The libevent I used:
ii libevent-2.0-5:amd64 2.0.21-stable-2ubuntu0.16.04.1 amd64 Asynchronous event notification library
ii libevent-core-2.0-5:amd64 2.0.21-stable-2ubuntu0.16.04.1 amd64 Asynchronous event notification library (core)
ii libevent-dbg:amd64 2.0.21-stable-2ubuntu0.16.04.1 amd64 Asynchronous event notification library (debug symbols)
ii libevent-dev 2.0.21-stable-2ubuntu0.16.04.1 amd64 Asynchronous event notification library (development files)
ii libevent-extra-2.0-5:amd64 2.0.21-stable-2ubuntu0.16.04.1 amd64 Asynchronous event notification library (extra)
ii libevent-openssl-2.0-5:amd64 2.0.21-stable-2ubuntu0.16.04.1 amd64 Asynchronous event notification library (openssl)

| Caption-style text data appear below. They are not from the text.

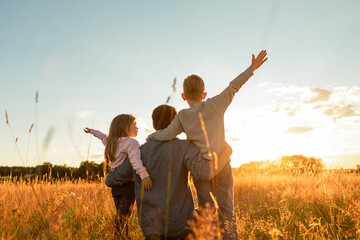 Father and his children walking in a field at sunset enjoying time together in nature, family future, single parent concept 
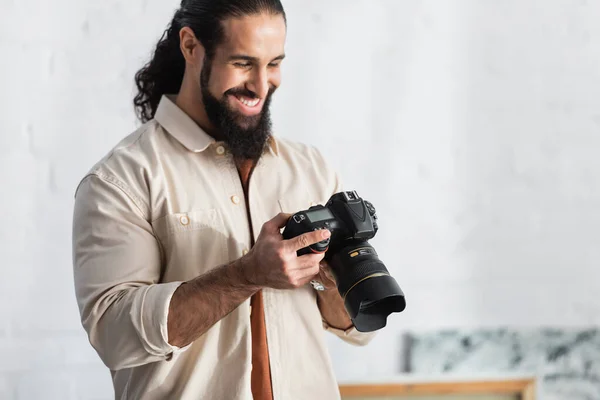 Heureux homme hispanique souriant tout en regardant appareil photo numérique moderne à la maison — Photo de stock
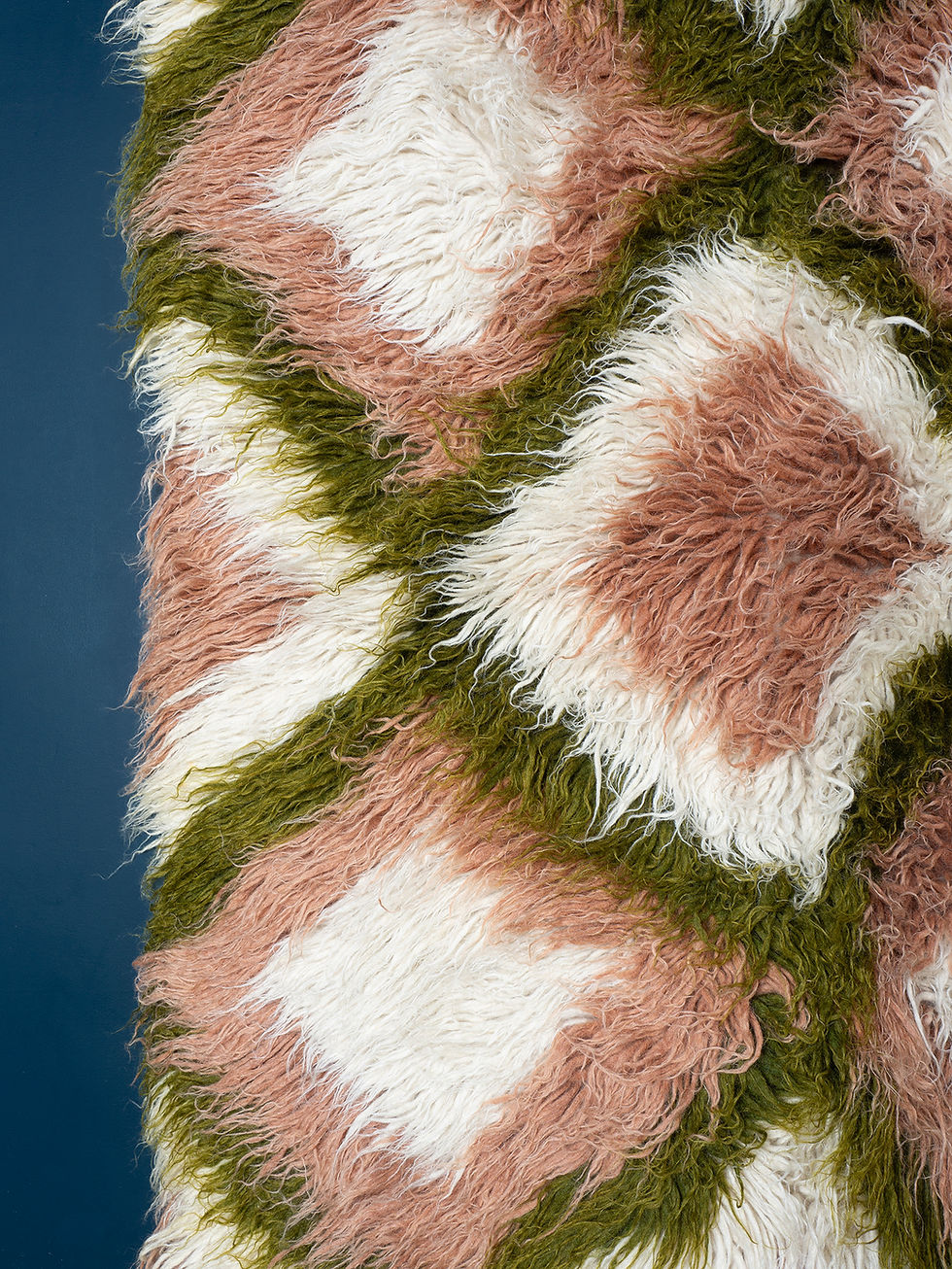 Thumbnail: A deep pile rug in a striking design of concentric diamonds in pink, green and white wool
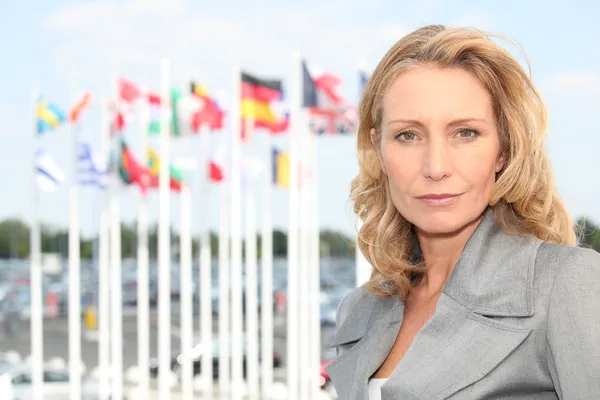 Businesswoman with flags — Stockfoto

ii libevent-pthreads-2.0-5:amd64 2.0.21-stable-2ubuntu0.16.04.1 amd64 Asynchronous event notification library (pthreads)
libevent/libevent#512 (comment)
azat
commented on 24 May 2017Indeed it looks like issues mentioned by
ploxiln
Can you please verify your program with latest libevent (compiled from git, since that patches was merged only recently and there was not release since that time)?

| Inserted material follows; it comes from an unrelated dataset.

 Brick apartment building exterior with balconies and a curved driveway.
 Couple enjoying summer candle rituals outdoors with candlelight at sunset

A potential fix is to build libevent
from its master branch:
git clone https://github.com/libevent/libevent.git
cd libevent
./autogen.sh
./configure --disable-shared
make && make install
Then remove your libevent-dev
package and cmake ..
again. (It may fail and need to clean up the cmake cache.)
No deadlock problems have been encountered since our build switched to the master branch of libevent.

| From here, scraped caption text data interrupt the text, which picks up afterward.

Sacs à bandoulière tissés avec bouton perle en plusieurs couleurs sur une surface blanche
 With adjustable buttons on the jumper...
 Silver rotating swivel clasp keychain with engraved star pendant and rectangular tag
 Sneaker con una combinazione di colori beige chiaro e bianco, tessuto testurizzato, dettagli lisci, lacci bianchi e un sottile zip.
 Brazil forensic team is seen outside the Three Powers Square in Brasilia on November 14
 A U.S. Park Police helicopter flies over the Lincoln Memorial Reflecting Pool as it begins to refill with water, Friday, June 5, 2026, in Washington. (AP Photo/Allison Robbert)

Notice: the lastest release of libevent release-2.1.8-stable
has been confirmed to have this problem. Do not use it and previous releases.
I am very sorry that libevent has no new release in nearly two years.
The issue was temporarily closed due to no recent feedback.
libevent 2.1.9-beta was released. It's recommended to use this version.
https://github.com/libevent/libevent/releases/tag/release-2.1.9-beta
@YihaoPeng
Hi mate
Do you have any ideas how to fix if?